MPI reconstruction is fundamentally an ill-posed inverse problem, and the time required to acquire system matrices represents the primary commercial bottleneck preventing routine clinical deployment of MPI scanners today.

Two paradigms coexist: system matrix (SM)-based reconstruction, which requires time-consuming empirical calibration scans, and model-based reconstruction, which derives reconstruction operators from mathematical forward models. The SM approach is reviewed extensively by the Beijing Institute of Technology (2021), identifying background signal contamination and field-of-view limitations as primary challenges. Mathematical model-based approaches are characterised by the University of Bremen (2018), framing the forward operator as a Fredholm integral of the first kind. Quality enhancement through merging multi-angle scan data is addressed by Hochschule Darmstadt (2022).

Key finding: Aselsan’s coded calibration scene

The most operationally significant calibration advance in this dataset is Aselsan’s coded calibration scene, which distributes multiple nanoparticle samples in a volume larger than the field of view, moved linearly and rotationally to populate the system matrix efficiently. Active patents were granted in Europe (EP 2024) and Japan (JP 2023). This approach represents a freedom-to-operate risk for any commercial MPI scanner developer deploying similar calibration architectures.

Aselsan (Turkey) holds two active patents on MPI system matrix calibration methodology — EP 2024 and JP 2023 — covering a coded calibration scene approach that distributes nanoparticle samples across a volume larger than the field of view to populate the system matrix more efficiently, addressing the primary commercial bottleneck for clinical MPI deployment.

Temperature monitoring during liver tumour ablation using MPI has been validated with 1°C mean absolute deviation accuracy (University Medical Center Hamburg-Eppendorf, 2020). This level of thermometric precision — enabled by the temperature-dependent shift in SPION magnetisation curves — is a direct product of accurate system calibration and is clinically relevant for ablation margin control, a domain where standards bodies such as ISO are actively developing thermal therapy guidance frameworks.

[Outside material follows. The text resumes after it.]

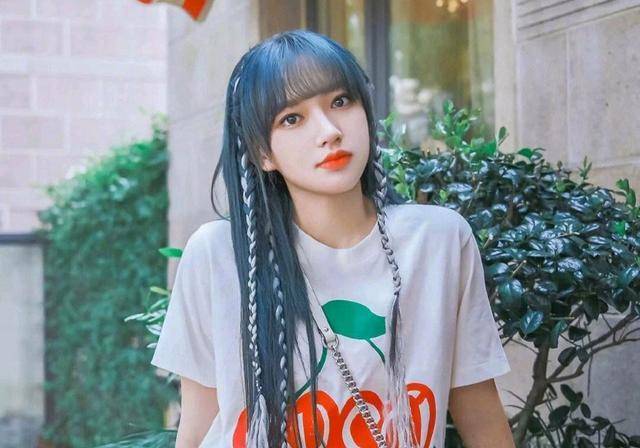 乐华娱乐自然不想让程潇离家出走,除了王一博,她是为数不多可以拿得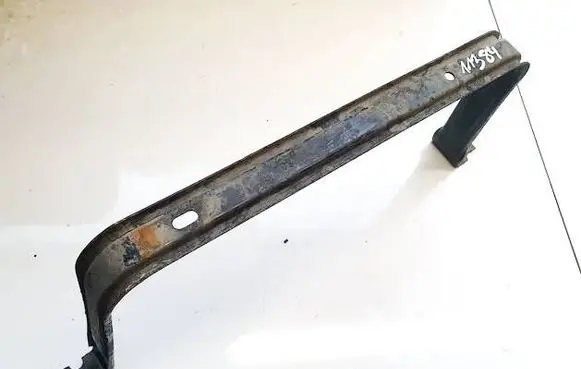 Volkswagen Polo VI Fuel tank mounting bracket 2Q0201655A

Figure 3 — MPI Reconstruction Approaches: System Matrix vs. Model-Based Methods
MPI Image Reconstruction Approaches: System Matrix vs. Model-Based Comparison System Matrix (SM) Reconstruction Approach: Empirical calibration scans Advantage: High fidelity to real scanner physics Challenge: Time-consuming; background signal contamination and FOV limitations (Beijing IT, 2021) Model-Based Reconstruction Approach: Fredholm integral forward operator (Bremen, 2018) Advantage: No lengthy calibration scans required Enhancement: Multi-angle scan data merging improves quality (Hochschule Darmstadt, 2022)
Two reconstruction paradigms coexist in MPI: system matrix methods offer high fidelity but require time-consuming calibration, while model-based approaches avoid lengthy scans but require accurate forward models — Aselsan’s coded calibration scene patents (EP 2024, JP 2023) directly address the SM bottleneck.

Application domains: where MPI is winning and where it is emerging

MPI’s zero-background contrast and high temporal resolution have translated into demonstrable advantages across six application domains, each at a different stage of preclinical validation and clinical readiness.

Cardiovascular and Vascular Imaging

MPI’s combination of high temporal resolution — 46 volumes per second — and zero-background signal makes it particularly suited for dynamic blood pool imaging. Aneurysm hemodynamics assessment was demonstrated against DSA and 4D phase-contrast MRI benchmarks in 2016. Moving table MPI extending the field of view for whole-vasculature imaging was demonstrated at Hamburg-Eppendorf in 2018. In vivo rat aorta and inferior vena cava angiography confirmed dose-dependent sensitivity with novel multicore particles (Charité Berlin, 2020). Standards bodies including IEEE have begun addressing medical imaging system performance benchmarks that will be relevant as MPI cardiovascular systems approach regulatory submission.

Neuroimaging and Stroke

The human-brain-scale MPI scanner operating at intensive-care-unit conditions (2019) represents the most advanced hardware demonstration for neurological applications in this dataset. A dedicated neuroimaging review articulates use cases spanning stroke perfusion monitoring, traumatic brain injury, and real-time cerebral blood flow quantification (2019). MPI’s absence of ionising radiation and susceptibility artefacts positions it as a candidate for bedside stroke monitoring — a gap not currently addressable by CT (radiation) or MRI (susceptibility artefacts, incompatibility with metallic implants).

Oncology and Theranostics

Tumour-specific SPION accumulation was imaged in CT26 and MC38 murine colon carcinoma models via both intratumoral and intravenous delivery using a point-of-care MPI platform (Eulji University, 2022). Tumour self-homing of circulating tumour cells was visualised in a murine breast cancer model (University of Western Ontario, 2020). Intraoperative margin assessment in breast-conserving surgery was proposed with both a handheld detector and small-bore scanner configuration (Harvard Medical School, 2021). MPI-guided hyperthermia with temperature monitoring validated for liver tumour ablation used Lissajous scanning MPI as a multifunctional platform providing nanoparticle localisation, remote thermometry, and focused hyperthermia delivery (Charité Berlin, 2020), with 1°C mean absolute deviation thermometric accuracy (Hamburg-Eppendorf, 2020).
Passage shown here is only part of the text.